POSTAL UPDATES
insights
Unanticipated benefits of a stamp collector's spring cleaning
By Janet Klug
My winter project of painting the basement turned out to be a bigger job than I had anticipated. The prep work of scrubbing the walls and filling the cracks took weeks instead of days.
All of the accumulated stuff that had been stored in plastic bins and put on shelves had to be sorted and moved before and after the painting. That was another several weeks of work, but it was full of surprises.
It is amazing what sort of stuff gathers in the basement. It turns out there were many bins full of philatelic bits and pieces nestled among the flotsam of daily life. Covers, stamps, stamp publications and auction catalogs filled an embarrassing number of bins. One of those bins containing auction catalogs is shown in Figure 1.
Going through all of that has taken a lot of time, but to tell the truth, it has been fun. The stamps and covers were either merged into my collection, sold or donated.
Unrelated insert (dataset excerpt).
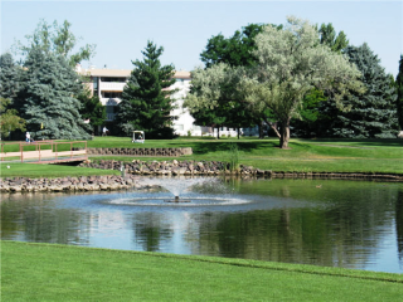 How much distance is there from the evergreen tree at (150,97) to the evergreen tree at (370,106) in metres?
23.1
The stamp publications and auction catalogs are taking more time. None of this had been cataloged. In fact, I had forgotten I had most of these things.
Decades-long accumulations of philatelic auction catalogs, magazines and specialty journals were taking up vast amounts of space that could be put to better use.
The problem is that the magazines contained articles of interest. The auction catalogs were full of useful information as well as pictures of things I now wish I could purchase at the prices of 30 years ago when the catalogs were new. And yet, having all of this information residing in a sealed plastic bin was not doing me any good. It didn’t make sense to keep everything and not use any of it.
Slowly I began going through issues of American Philatelist, removing the articles I deemed useful for reference and putting them aside. This is time consuming because I frequently get caught up in a long-forgotten article, or an illustration of an interesting stamp or cover catches my eye. But progress is being made, and so far I have condensed a 2-foot stack of magazines into an inch-thick stack of clipped articles.
Several of the articles saved for future reference can be seen in the photograph in Figure 2.
The saved articles are temporarily being sorted into file folders by continent. In the short term this is working fine. In the long term the articles will undoubtedly be three-hole punched and placed into binders by country, topic or area. Instead of having this wealth of information hidden away in plastic bins in the basement, it will become a useful resource for my collection.
The stacks of magazines and specialty society journals made me very grateful to those organizations that offer entire runs of their journals, either online through their web sites, or on CD-ROMs, where the information can be accessed with a computer.
The U.S. Philatelic Classics Society, for example, has archived every issue of its quarterly journal, The Chronicle of the U.S. Classic Postal Issues.
Members can access this for free on the society's web site. For more information, contact U.S. Philatelic Classics Society membership chairman Rob Lund, 2913 Fulton St., Everett, WA 98201-3733; or visit the web site at www.uspcs.org.
The auction catalogs are not quite so easy to deal with. Many of them contain notes I made about lots I bid on, sometimes successfully and sometimes not. Others were saved because they are important reference works in their own right. Some had sections that were useful for my collection, but it was not necessary to keep the whole catalog. Figuring out what to do with items of varying usefulness was tricky.
I developed an organization plan that seems to be working for the time being. All of the auction catalogs that were useful reference works were separated. I made a list of these catalogs that contain the name of the auction firm, the date of the auction and the subject of the material contained in the catalog. This information was transferred to a simple database on my computer.
The catalogs and corresponding lists of prices realized were returned to a plastic bin that was labeled on the outside to identify the contents. The bin was put on a heavy duty shelving unit, and now I can find the materials easily when I want them.
Figure 3 shows a selection of the catalogs that I chose to save
Auction catalogs that had only a section or two that were of particular interest for my collection remained. I removed the pages of interest and stapled them together with the lists of prices realized (when available).
These, too, went into file folders. When the task is finally completed, the contents of the file folders will be three-hole punched and put into binders, thus making the information readily available when I need it. Many stacks of paper have been sent for recycling, and the task is not yet completed.
The winter painting project has now become a spring cleaning project. The clutter is slowly being eliminated. A fantastic and thoroughly unanticipated bonus was finding and organizing stamp publications so that they are usable and not just taking up space.
There was one additional unexpected benefit of organizing stored stamp publications. In reviewing them for what to keep, it dawned on me how my collecting interests have changed over time.
Thirty years ago I was primarily interested in Pacific islands. Now it is military postal history. Over those 30 years I have collected and sold worldwide collections twice. I'm now working on my third worldwide collection.
This exercise reminded me that the best thing about stamp collecting is that it is anything you want it to be. The hobby can contract or expand to suit your tastes, even as your tastes change.